Biography Oliver Reiser, University of Regensburg, Germany

Welcome to my online web site Chemistry in Context, in which I would like to present all aspects of chemistry. Chemical issues confront us every day, many that are discussed by all of us with great emotion but often with little knowledge. Global warming, ozone depletion, asbestos, formaldehyde, drugs, the list of chemicals that strongly influence our life is endless. I will try to inform in an open way about chemistry, showing equally about chances and risks associated with chemistry. This web site is supported by my colleagues and students at the University of Regensburg, so that we can draw a broad picture of chemistry from different points of view. The German version of this web site contains currently more than 100 different articles on more than 350 pages, and with time we will many of those translate to English.

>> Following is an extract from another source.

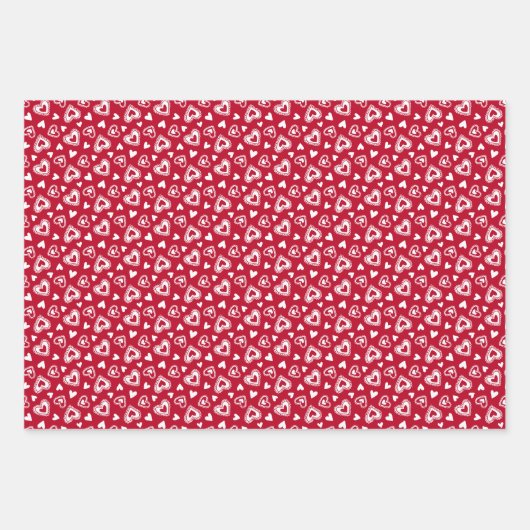 Valentijnsdag gooide kantharten inpakpapier vel (Voorkant)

How did I became a chemist? After performing as a high school student for some years experiments in the basement of my parents, I decided to make this hobby my profession. I have studied Chemistry in Hamburg, Jerusalem and Los Angeles and received in 1989 my PhD in Organic Chemistry. Subsequently I moved for more than two years to the United States, as a postdoctoral fellow I worked first at IBM research center in San Jose, California, and subsequently at Harvard University in Cambridge, Massachusetts. What I did not realize when I started University: Studying chemistry provides excellent opportunities to go abroad with full credit transfer to the home institution. The language of chemistry is universal, and laboratory equipment might differ in the size of flasks, but not much more.

After returning to Germany, I became an assistant professor at the University of Göttingen - by default under the German system a non tenured position -, and hold since 1996 a tenured position for Organic Chemistry, first at the University of Stuttgart as associate professor, and since the end of 1997 I became professor at the University of Regensburg.

My research interest are centered on the synthesis of organic compounds, especially natural products and biologically active compounds such as drugs. Especially, I am interested in processes that make use of catalysts.